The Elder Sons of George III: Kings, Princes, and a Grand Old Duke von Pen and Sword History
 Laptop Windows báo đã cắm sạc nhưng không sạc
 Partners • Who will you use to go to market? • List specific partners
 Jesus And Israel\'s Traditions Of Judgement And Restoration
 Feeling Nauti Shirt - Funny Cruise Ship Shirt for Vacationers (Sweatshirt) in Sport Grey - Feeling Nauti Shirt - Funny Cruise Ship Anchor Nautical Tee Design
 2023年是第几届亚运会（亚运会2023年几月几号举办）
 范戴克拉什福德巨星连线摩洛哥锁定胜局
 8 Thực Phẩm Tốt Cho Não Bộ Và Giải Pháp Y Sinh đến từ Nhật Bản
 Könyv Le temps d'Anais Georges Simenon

Task: From the line containing "2023年是第几届亚运会（亚运会2023年几月几号举办）" down to the final line of the records above, copy everything exactly and include nothing else.

Answer space:
 2023年是第几届亚运会（亚运会2023年几月几号举办）
 范戴克拉什福德巨星连线摩洛哥锁定胜局
 8 Thực Phẩm Tốt Cho Não Bộ Và Giải Pháp Y Sinh đến từ Nhật Bản
 Könyv Le temps d'Anais Georges Simenon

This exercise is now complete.